§ Problem details
What is needed is an exact reproduction of the lines in the records below, starting at the line with "Knitted 'Nordic' Cowl & Headband - Image 4" and ending at the line with "Sublime Epihany Small", both included, and nothing else; pictures stay out.

§ Material to process

*****

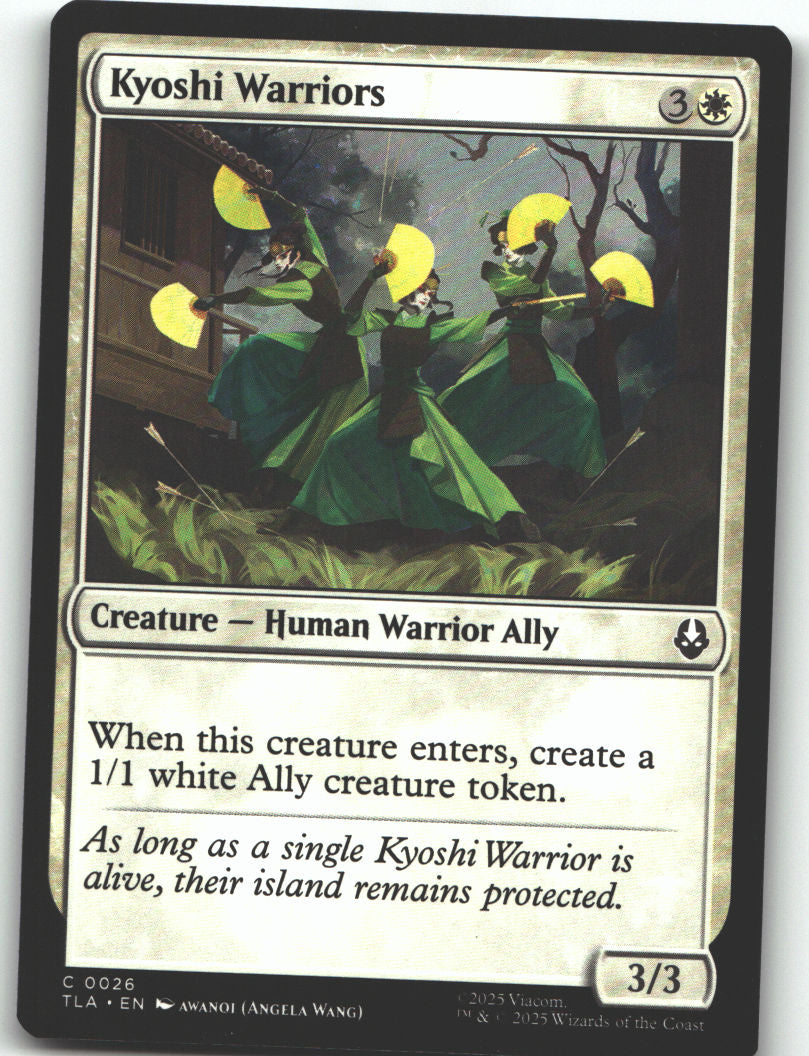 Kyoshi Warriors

*****

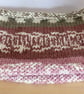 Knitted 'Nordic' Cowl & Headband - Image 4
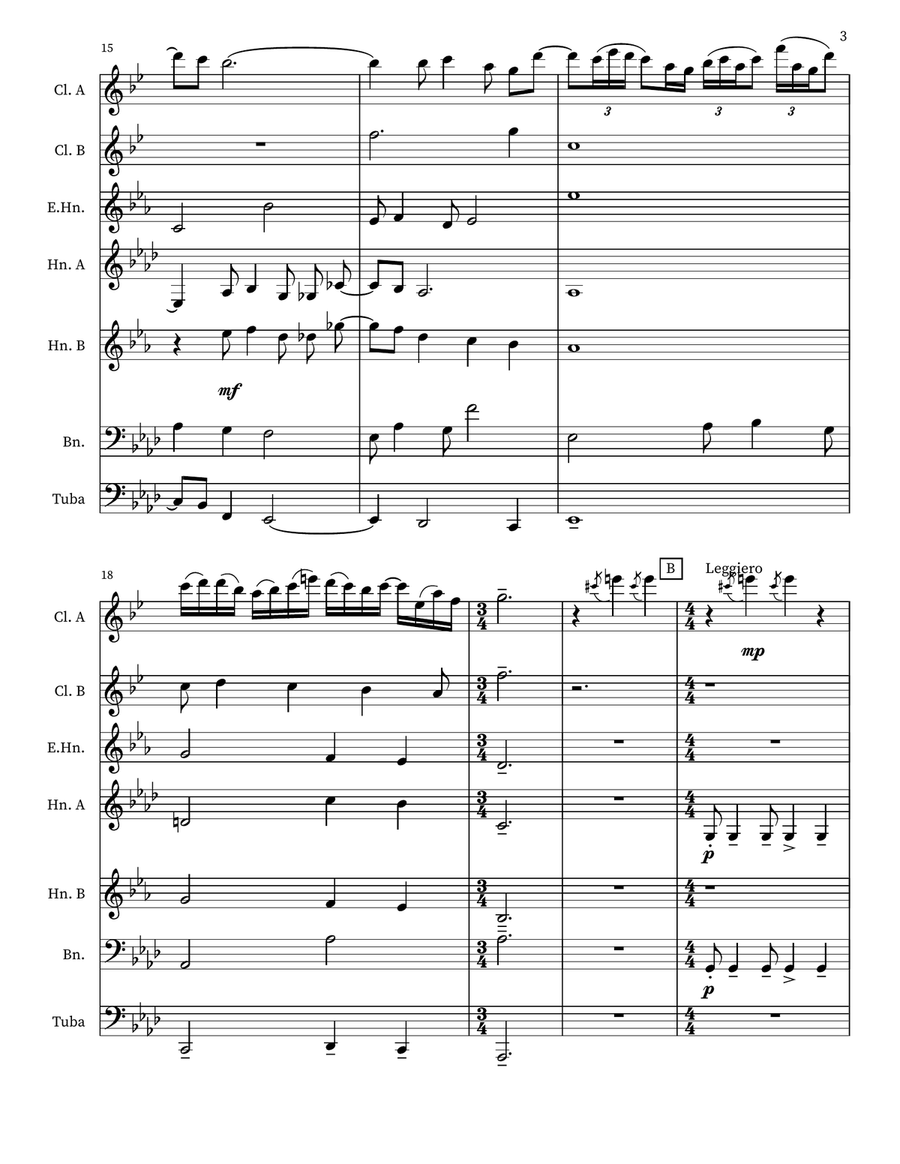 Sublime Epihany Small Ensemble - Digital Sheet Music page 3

*****

§ Written answer
 Knitted 'Nordic' Cowl & Headband - Image 4
 Sublime Epihany Small Ensemble - Digital Sheet Music page 3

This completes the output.